Morton can't live with it, either. One of the book's more bizarre running themes is Angelina's cruelty to ... Mick Jagger? Mick lusted after and pursued Angelina for more than two years and "paid a high emotional price, falling into a deep depression as a result of Angie's silence ... He was completely heartbroken by her." And, "Much to Jagger's chagrin [Angelina] did not hang out with him backstage." And "Jagger felt he was on the outside looking into Angie's life." Well, get in line, pal. "I feel," he quotes Mick as saying, "like I am just a piece of luggage at an airport carousel, waiting to be picked up." Morton actually wants sympathy for the devil.
As the object of desire for every man and most women she encounters, Angelina cannot win: If she fucks someone, in Morton's eyes she's a slut; if she doesn't, she's a tease. "She kept her stable of men in different compartments," Morton writes, "never letting on that each was an interchangeable part of her posse." Lucky them, I say. "A friend," unnamed, says, "She might have said that she's slept with only four men [after her marriage to Thornton], but she is a total sexual deviant." You can almost hear Morton tsk-tsking over your shoulder in the first half of that sentence, and licking his lips in the second.
Morton combines the soul of a pimp with the morals of a TV evangelist. Near the end of his book he tries desperately to set up a tryst between Angelina and Johnny Depp, her costar in "The Tourist," currently in postproduction. Certainly, he writes, "an affair would be box-office poison for Angie" -- though terrific for paperback book sales of a biography, I bet. The only sour note is, "Astrologically, though, there is little connection between Depp's and Jolie's charts ..."

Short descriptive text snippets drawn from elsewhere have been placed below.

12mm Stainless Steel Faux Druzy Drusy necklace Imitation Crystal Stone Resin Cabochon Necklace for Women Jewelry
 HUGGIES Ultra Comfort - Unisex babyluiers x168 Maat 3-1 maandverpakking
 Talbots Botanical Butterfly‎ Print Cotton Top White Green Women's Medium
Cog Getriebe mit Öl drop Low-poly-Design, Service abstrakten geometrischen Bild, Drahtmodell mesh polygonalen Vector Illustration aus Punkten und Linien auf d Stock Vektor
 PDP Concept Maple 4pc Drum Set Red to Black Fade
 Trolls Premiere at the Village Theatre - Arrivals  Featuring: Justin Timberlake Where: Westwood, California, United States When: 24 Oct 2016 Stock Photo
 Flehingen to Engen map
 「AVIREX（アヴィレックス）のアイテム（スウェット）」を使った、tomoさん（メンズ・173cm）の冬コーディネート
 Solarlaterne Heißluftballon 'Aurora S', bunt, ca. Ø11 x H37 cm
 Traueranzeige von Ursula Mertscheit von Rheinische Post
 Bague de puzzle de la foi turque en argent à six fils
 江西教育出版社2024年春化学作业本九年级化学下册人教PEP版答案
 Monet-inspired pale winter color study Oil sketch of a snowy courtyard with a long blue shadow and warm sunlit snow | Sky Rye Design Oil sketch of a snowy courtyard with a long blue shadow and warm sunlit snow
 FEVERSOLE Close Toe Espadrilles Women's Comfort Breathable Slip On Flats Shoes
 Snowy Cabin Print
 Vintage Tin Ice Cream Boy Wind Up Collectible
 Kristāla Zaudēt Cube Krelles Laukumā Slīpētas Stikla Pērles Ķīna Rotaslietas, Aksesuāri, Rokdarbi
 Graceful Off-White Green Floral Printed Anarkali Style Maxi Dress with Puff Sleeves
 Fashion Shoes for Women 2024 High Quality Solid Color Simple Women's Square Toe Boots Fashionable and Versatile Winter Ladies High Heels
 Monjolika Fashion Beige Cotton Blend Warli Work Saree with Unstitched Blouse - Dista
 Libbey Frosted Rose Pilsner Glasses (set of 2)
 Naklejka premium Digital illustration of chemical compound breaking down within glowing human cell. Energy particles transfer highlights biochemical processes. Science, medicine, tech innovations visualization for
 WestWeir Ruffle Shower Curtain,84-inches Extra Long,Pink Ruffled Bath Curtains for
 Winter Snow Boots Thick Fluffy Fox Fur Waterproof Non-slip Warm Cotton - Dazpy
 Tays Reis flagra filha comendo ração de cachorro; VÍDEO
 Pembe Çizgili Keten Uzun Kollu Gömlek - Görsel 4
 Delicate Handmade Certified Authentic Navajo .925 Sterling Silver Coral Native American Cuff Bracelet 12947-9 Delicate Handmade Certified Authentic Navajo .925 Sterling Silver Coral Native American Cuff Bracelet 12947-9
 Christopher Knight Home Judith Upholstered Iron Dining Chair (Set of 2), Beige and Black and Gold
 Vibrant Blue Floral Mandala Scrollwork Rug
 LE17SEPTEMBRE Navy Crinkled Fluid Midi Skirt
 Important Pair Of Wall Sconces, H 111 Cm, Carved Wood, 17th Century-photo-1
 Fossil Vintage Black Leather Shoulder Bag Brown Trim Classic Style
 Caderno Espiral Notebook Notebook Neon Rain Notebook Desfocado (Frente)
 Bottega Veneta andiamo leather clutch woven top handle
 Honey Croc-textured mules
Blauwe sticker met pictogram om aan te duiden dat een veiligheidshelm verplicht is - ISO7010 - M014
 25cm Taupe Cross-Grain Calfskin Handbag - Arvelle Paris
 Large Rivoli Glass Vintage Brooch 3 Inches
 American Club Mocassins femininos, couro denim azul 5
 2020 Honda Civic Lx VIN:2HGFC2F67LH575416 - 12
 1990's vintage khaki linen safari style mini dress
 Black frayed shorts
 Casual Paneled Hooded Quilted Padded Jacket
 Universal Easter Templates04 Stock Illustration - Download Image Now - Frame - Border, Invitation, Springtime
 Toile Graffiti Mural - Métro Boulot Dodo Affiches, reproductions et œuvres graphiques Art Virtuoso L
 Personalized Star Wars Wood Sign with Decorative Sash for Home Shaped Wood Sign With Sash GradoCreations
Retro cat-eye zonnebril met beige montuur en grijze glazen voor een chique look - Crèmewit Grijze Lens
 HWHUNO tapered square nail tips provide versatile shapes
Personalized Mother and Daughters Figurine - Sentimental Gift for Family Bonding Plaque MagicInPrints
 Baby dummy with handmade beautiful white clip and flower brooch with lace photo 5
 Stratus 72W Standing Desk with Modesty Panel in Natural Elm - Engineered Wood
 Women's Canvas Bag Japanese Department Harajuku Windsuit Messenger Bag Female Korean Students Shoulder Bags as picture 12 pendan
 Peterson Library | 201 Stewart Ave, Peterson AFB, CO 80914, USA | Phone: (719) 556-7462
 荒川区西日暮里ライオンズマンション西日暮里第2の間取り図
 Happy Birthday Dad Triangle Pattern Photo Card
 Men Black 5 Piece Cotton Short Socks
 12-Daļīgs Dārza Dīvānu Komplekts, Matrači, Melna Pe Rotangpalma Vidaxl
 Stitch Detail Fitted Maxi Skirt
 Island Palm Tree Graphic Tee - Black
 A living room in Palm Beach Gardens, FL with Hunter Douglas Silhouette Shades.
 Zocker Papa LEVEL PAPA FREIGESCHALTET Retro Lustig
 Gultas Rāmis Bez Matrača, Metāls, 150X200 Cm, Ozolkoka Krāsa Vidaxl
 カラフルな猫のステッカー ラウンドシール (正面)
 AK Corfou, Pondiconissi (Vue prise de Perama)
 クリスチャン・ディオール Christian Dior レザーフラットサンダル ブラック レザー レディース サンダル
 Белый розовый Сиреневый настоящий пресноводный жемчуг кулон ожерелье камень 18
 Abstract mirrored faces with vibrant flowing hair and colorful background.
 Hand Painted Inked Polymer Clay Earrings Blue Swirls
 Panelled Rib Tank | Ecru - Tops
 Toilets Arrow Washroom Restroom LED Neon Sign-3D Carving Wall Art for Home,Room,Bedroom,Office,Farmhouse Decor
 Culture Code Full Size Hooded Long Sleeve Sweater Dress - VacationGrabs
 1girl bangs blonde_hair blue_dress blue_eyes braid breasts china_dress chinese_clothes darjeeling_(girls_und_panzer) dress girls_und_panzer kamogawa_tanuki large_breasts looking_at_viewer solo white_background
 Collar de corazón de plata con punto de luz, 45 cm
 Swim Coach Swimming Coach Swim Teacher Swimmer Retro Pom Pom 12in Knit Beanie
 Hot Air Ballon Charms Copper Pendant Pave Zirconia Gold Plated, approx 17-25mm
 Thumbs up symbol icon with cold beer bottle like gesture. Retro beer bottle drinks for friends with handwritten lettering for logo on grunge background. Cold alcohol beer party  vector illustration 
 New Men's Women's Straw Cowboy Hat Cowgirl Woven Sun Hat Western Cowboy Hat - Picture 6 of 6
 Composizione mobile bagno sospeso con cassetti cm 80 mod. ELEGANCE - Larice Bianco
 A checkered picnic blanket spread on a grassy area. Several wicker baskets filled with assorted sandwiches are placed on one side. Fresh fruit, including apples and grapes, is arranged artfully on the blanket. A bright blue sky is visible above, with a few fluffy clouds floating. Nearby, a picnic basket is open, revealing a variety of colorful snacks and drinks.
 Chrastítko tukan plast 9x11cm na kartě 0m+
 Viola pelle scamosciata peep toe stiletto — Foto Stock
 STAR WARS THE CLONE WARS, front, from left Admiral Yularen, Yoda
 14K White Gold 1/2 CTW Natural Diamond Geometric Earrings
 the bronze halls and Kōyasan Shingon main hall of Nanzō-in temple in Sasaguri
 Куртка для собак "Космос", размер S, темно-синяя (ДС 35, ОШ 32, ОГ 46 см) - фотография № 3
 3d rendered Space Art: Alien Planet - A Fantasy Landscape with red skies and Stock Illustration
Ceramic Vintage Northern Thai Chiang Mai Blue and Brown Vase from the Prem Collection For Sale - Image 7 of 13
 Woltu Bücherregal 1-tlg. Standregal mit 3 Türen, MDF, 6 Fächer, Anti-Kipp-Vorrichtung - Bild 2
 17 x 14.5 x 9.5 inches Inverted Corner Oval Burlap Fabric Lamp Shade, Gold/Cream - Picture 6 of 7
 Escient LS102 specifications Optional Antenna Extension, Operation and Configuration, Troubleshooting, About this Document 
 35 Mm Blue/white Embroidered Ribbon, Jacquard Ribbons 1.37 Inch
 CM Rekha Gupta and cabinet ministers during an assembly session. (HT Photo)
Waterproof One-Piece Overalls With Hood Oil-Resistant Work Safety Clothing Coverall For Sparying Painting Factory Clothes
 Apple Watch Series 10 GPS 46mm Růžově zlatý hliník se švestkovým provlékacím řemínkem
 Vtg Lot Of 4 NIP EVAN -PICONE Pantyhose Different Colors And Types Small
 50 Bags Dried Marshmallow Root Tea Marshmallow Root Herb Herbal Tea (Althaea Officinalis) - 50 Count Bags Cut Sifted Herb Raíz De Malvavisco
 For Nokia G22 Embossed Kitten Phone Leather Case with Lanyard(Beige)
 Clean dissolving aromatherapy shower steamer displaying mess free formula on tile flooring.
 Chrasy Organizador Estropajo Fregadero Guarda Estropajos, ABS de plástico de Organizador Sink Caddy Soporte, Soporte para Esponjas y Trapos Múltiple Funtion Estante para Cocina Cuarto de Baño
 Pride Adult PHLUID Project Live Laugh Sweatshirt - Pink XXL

Morton is incapable of evaluating Angelina Jolie as an actress, except to refer to the occasional critic, including Pauline Kael, who after watching her Oscar-winning performance in "Girl, Interrupted," commented, "She's absolutely fearless in front of a camera. This girl would scare the crap out of Jack Nicholson in 'Cuckoo's Nest' ['One Flew Over the Cuckoo's Nest']." (In the interest of full disclosure, he took that quote from a piece I wrote on Jolie for Salon in 2005.)
"Angelina" couldn't really be called, in the words of a friend of mine (an unnamed friend, a mutual friend, a writer, a psychologist who has mingled in the Brad, Angie and Jennifer circle), "a journalistic disgrace," because this is not journalism. The real disgrace is that this book is printed by a major publisher and is being referred to by some of the media as if it has some legitimacy. It's too early to call "Angelina" the worst book of 2010. I can, however, call it, with some assurance, the worst book in the 21st century so far.